Thursday, March 25, 2010

The Joys of Walmart Bathrooms

First a confession: I HATE public bathrooms. *especially* when I have a toddler in tow. Some bathrooms are worse than others obviously, and some I really don't mind going in. Like the restroom at Gloria's Little Italy -- clean, well supplied, decent design ... But I was able to leave my toddler with my girlfriends with whom I was lunching today rather than take him in a public bathroom. Again.

Toddlers do not keep their hands to themselves. They want to touch everything. They WILL touch everything. They don't understand "germs" or "gross" or "AAAAAAAAAAAAAAA". Babies are easier; they are confined. Preschoolers do typically obey when you say "yucky" or something along those lines.

But my little boy has a newfound love of flushing the potty every.single.time. I pee. Which is a lot right now as I'm 27 weeks pregnant. He was working on potty learning, but realized it's much easier to use the diaper and then just flush after mom. *sigh*

I had to go to Walmart the other day and realized on my way in that I had to go. NOW. Thumper kept whacking my bladder. I plopped Little Mister in a cart and buckled him and headed for the "family" restroom in the back of the store since the cart would fit in the bathroom with me and I could keep my eye on him while maintaining some semblance of privacy.

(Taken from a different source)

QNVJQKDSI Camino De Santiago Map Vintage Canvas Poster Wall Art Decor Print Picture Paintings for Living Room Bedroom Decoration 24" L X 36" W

It was gross. Not THE grossest bathroom I've ever been in, but it was pretty disgusting. And poorly designed. The toilet was really close to the wall, and the paper holder was just in front of it. Nowhere for my left knee to go. It was too close and yet not close enough to reach the toilet paper easily, especially given my currently expanding stomach. I finished my business, but every time I leaned forward to get toilet paper, the toilet flushed. Normally not a problem, but it was that cheap, thin crap stores use, and it was only coming out a few squares at a time, and Thumper was protesting every time I leaned forward, so I'd have to lean back to breathe, then go back for more.

When the toilet flushed, it was almost like the poor dude's version of a bidet. Not something I wanted to experience in Walmart, thank you very much.


I came home and showered. And will never use that bathroom again. Even if I wet myself.


The Boob Nazi said...

Ewww, I bet. WM bathrooms are ones I only go in in an emergency!

steph k said...

Dude... WallyWorld bathrooms SUCK... all of them.

kadyb said...

I really truly hate those auto-flushing toilets. Especially the ones that are so sensitive to movement that they flush while you're still sitting there. Gross.